A l’image du mail à ses débuts, subsiste la crainte de perdre la maîtrise de l’information. D’autant que cette dernière est perpétuellement en mouvement. Le réseau social d’entreprise se définit comme un espace informel comparativement à un intranet ou à un espace de mutualisation classique. Face à ces craintes de fuite et de confidentialité des contenus, libre choix au manager et à la Direction de restreindre les communautés ou leur contenu pour d’abord familiariser leurs utilisateurs sans pour autant reproduire la logique top-down. EDF, pour son réseau sociale corporate, a d’abord déployé le RSE sur une zone recensant 200 collaborateurs. Depuis octobre 2012, ce sont désormais 80000 salariés qui utilisent le « Vivre EDF ». Enfin, la mise en place de ces réseaux d’un nouveau genre peut également avoir des conséquences paradoxales. L’émergence de profils plus fouillés et plus personnels, d’un avatar 2.0, n’est pas obligatoirement synonyme d’une implication plus active. Certes, l’annuaire enrichi, fondement du RSE, permet aux collaborateurs de se présenter aux autres de manière plus personnelle : description des compétences et expertises, explication des missions au sein de l’entreprise, participation aux projets. Mais contre toute attente, le réseau social peut donc porter atteinte à la créativité, le collaborateur redoutant le regard de ses pairs et de sa hiérarchie. Dès lors, quelles pratiques adopter sur une plateforme sociale avec la hiérarchie ? Quid des formules de politesse en fin de mail ? Et malgré le bien-fondé d’une critique à l’égard d’un supérieur, cette dernière sera publique. Autant de motifs qui peuvent refroidir les échanges. Le RSE peut être donc synonyme d’une auto-censure. Ce n’est d’ailleurs pas un hasard si la mise en place d’une plateforme au sein de l’armée fut très vite adoptée : étiquette hiérarchique oblige, le RSE ne laisse pas trop de place à l’improvisation lors des échanges. Les codes demeurent quelle que soit la forme.

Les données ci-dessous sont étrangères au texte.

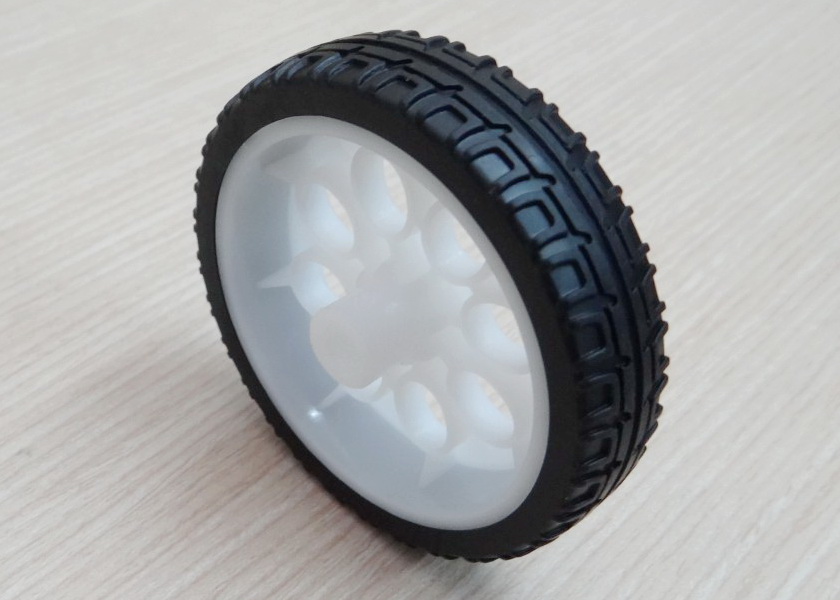 521 Rubber Wheel Robot Tires TT Motor Robot Smart Car Platform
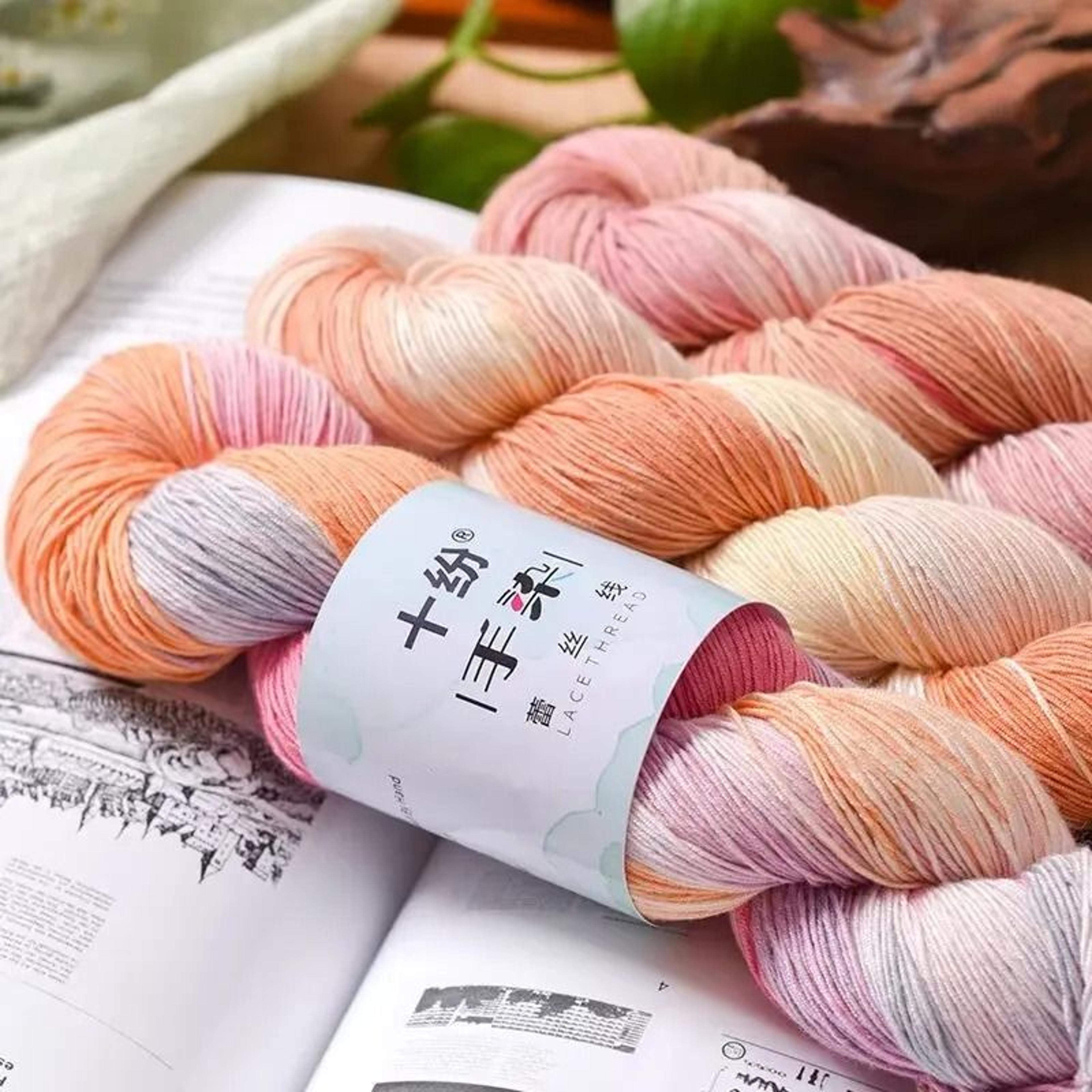 Hand Dyed Gradient Lace Yarn 353 Oz For Crochet Knitting Shawls  DIY Handmade Crafts 3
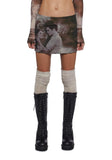 My Life Now Mesh Mini Skirt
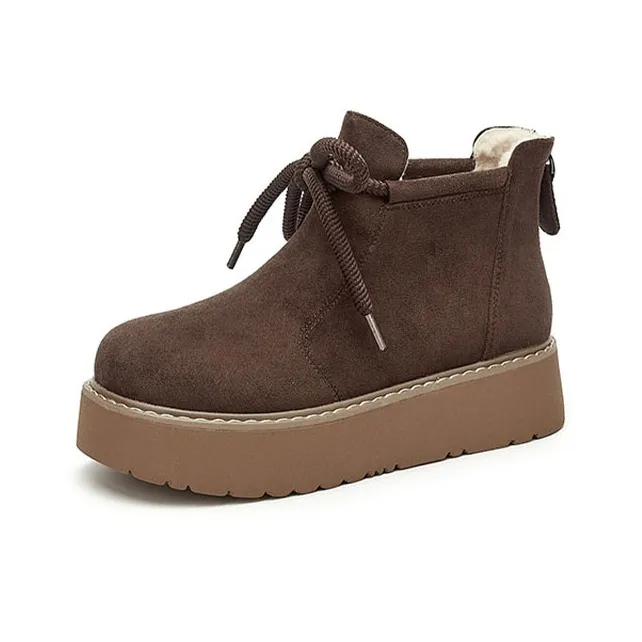 DAPHNE Ankle Boots Women's Brown-1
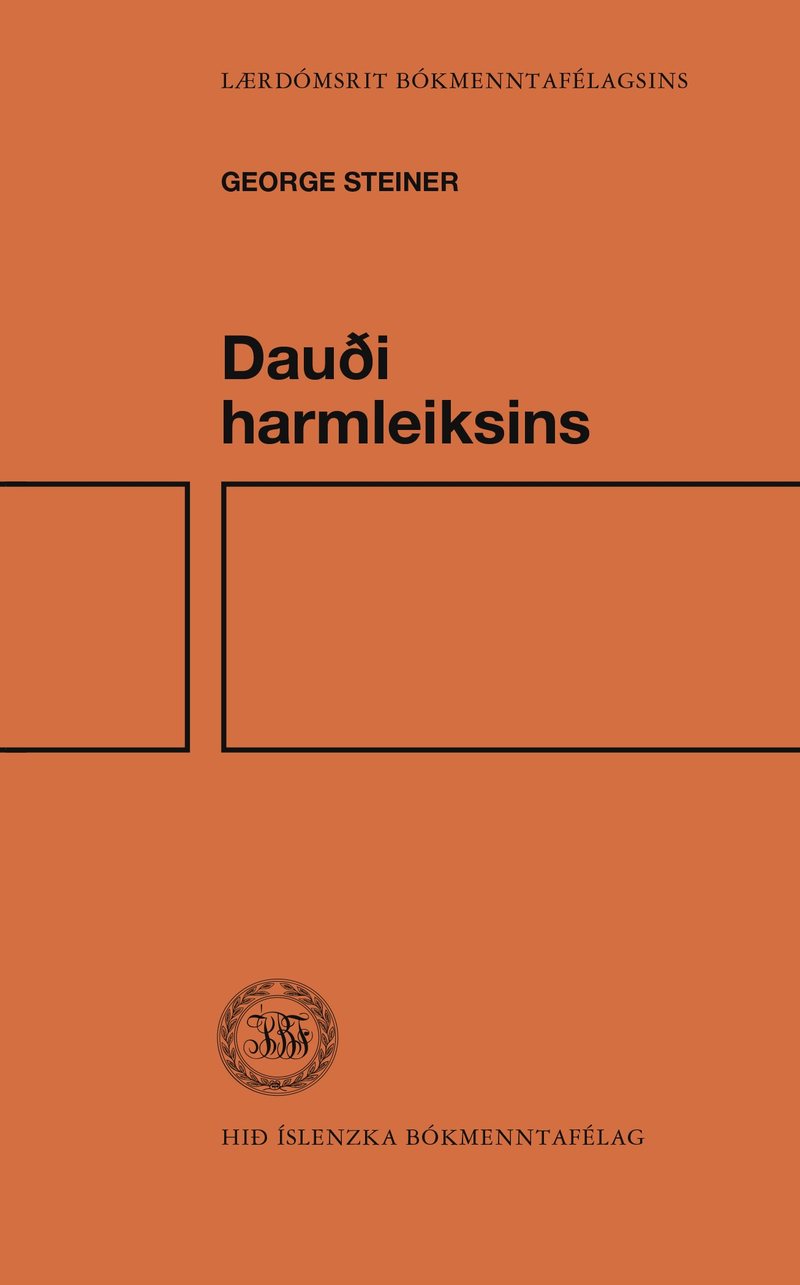 Kápa bókarinnar Dauði harmleiksins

Aussi, moins de 16% des entreprises françaises avaient recours aux réseaux sociaux d’entreprise en juin 2011 selon un baromètre de Voirin Consultants, cabinet expert en e-transformation ! Loin derrière les Facebook ou Tweeter dans les usages quotidiens, les réseaux sociaux dédiés à l’entreprise présentent toutefois des avantages incontestables : optimisation des anciennes pratiques de mutualisation des informations, implication plus réactive des parties prenantes sur un projet, levée des barrières géographiques induisant un gain de temps patent. Séduisante en de nombreux points, la technique implique toutefois un changement de paradigme managérial. De fait, le RSE exige une réflexion sur les changements dans la façon de communiquer sur le plan personnel et d’importer certaines informations sur le lieu de travail. Par conséquent, le recours aux RSE place le collaborateur au cœur du processus selon ses compétences. Désormais vous n’êtes donc plus seul. Vous êtes confiant, possédez une faculté d’anticipation nouvelle et osez même échanger avec des personnes dont vous ne pensiez pas susciter l’intérêt. Vous participez à de nouvelles activités. Votre personnal brand est valorisée. Vous avez changé. Vous êtes un avatar 2.0, membre d’une multiplicité de communautés formant le réseau social de votre entreprise.